I also fit a reduced model that kept only the statistically significant variables from the full model, which were horsepower and weight. After cross-validating this reduced model using the same 5-fold setup, I compared its RMSE to the full model. This allowed me to check whether the extra, non-significant variables were actually helping the model or just adding noise.

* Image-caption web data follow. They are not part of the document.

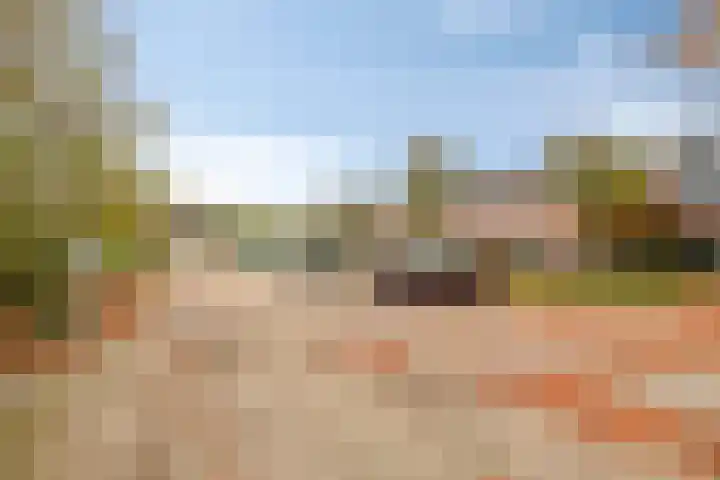 IJsvogelhof 21 Nuenen thumbnail 6
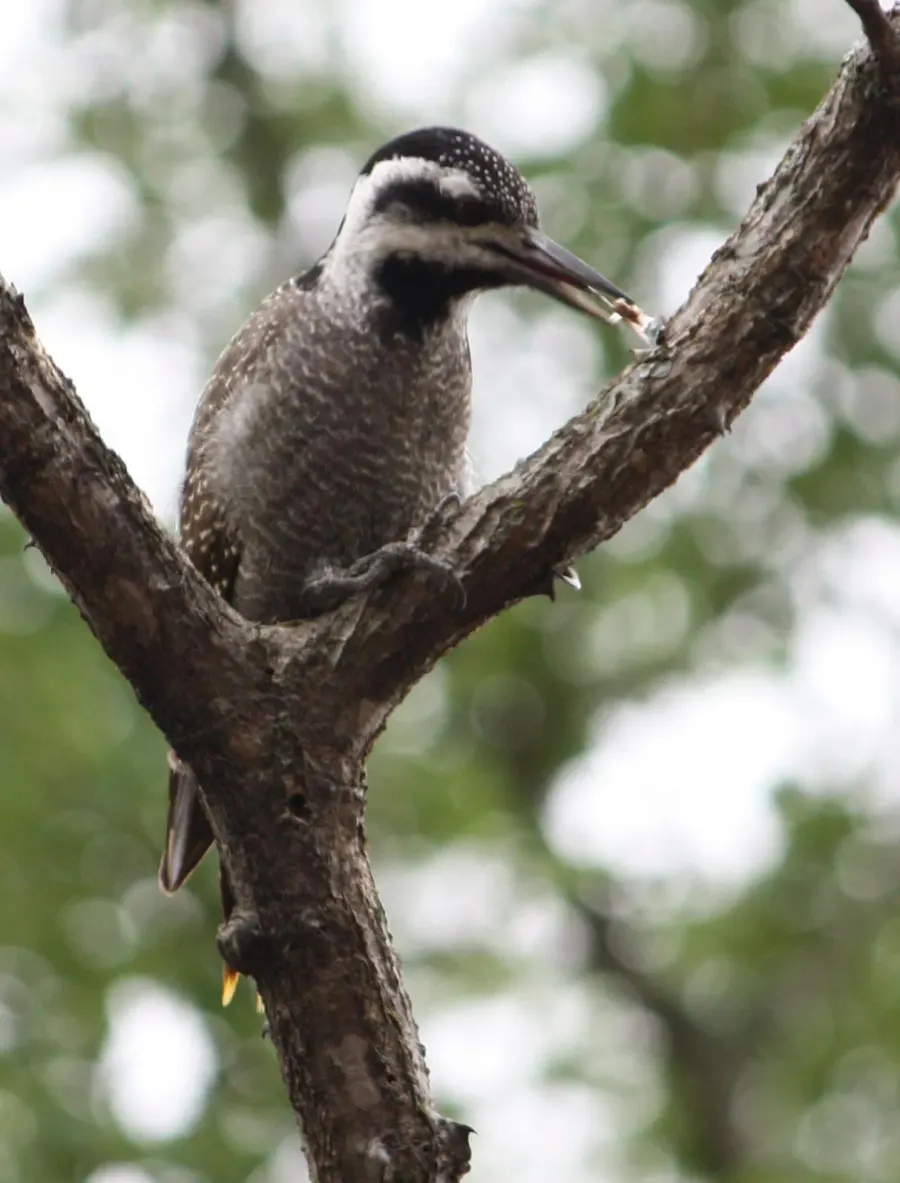 The Bearded woodpecker card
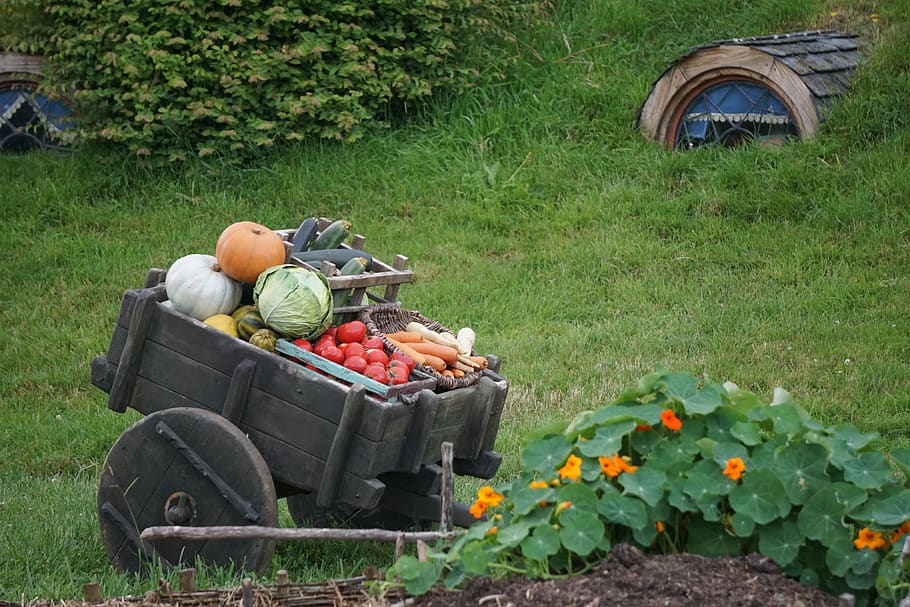 garden new zealand the hobbit hobbiton movie set travel - Hobbiton Tours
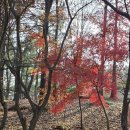 한밭수목원 동원 이미지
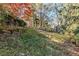Wooded backyard with a sloped grassy area at 271 Kings Walk, Douglasville, GA 30134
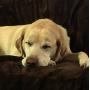 Mambe 100% Waterproof Silky Soft Throw for Dogs, Cats, and People - Made in The USA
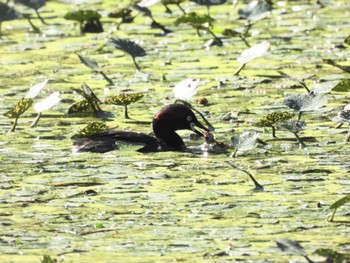 カイツブリ 泉の沼公園(江別市) 2022年8月25日(木)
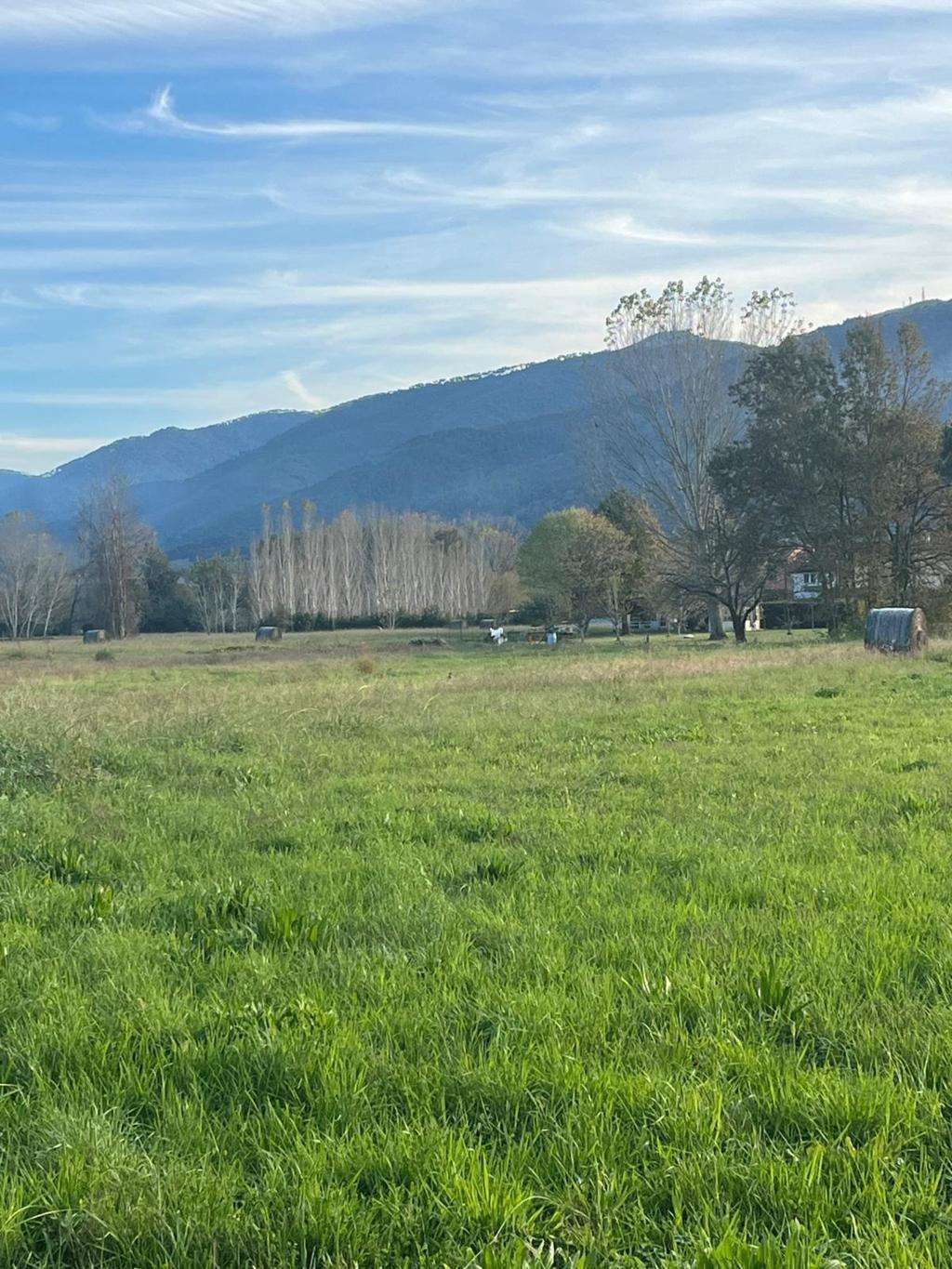  - foto 2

sig_vars <- c("horsepower", "weight")
sig_formula <- as.formula(
paste("acceleration ~", paste(sig_vars, collapse = " + ")))
sig_wf <- workflow() |>
add_recipe(recipe(sig_formula, data = auto) |>
step_normalize(all_numeric_predictors())) |>
add_model(linear_reg() |>
set_engine("lm"))
# fit on full data
sig_fit <- sig_wf |> fit(auto)
tidy(sig_fit)
## # A tibble: 3 × 5
## term estimate std.error statistic p.value
## <chr> <dbl> <dbl> <dbl> <dbl>
## 1 (Intercept) 15.5 0.0882 176. 0
## 2 horsepower -3.59 0.176 -20.5 1.21e-63
## 3 weight 1.96 0.176 11.1 3.55e-25
In the reduced model, only horsepower and weight were included because they were the only statistically significant predictors from the full model. Both variables remained highly significant with very small p-values. The coefficient for horsepower is negative, meaning cars with more power accelerate faster. The coefficient for weight is positive, showing that heavier cars take longer to reach 60 mph. These results are consistent with the patterns seen in the full model, and they confirm that these two predictors carry most of the signal related to acceleration.
sig_cv <- fit_resamples(
sig_wf,
resamples = folds,
control = control_resamples(save_pred = TRUE))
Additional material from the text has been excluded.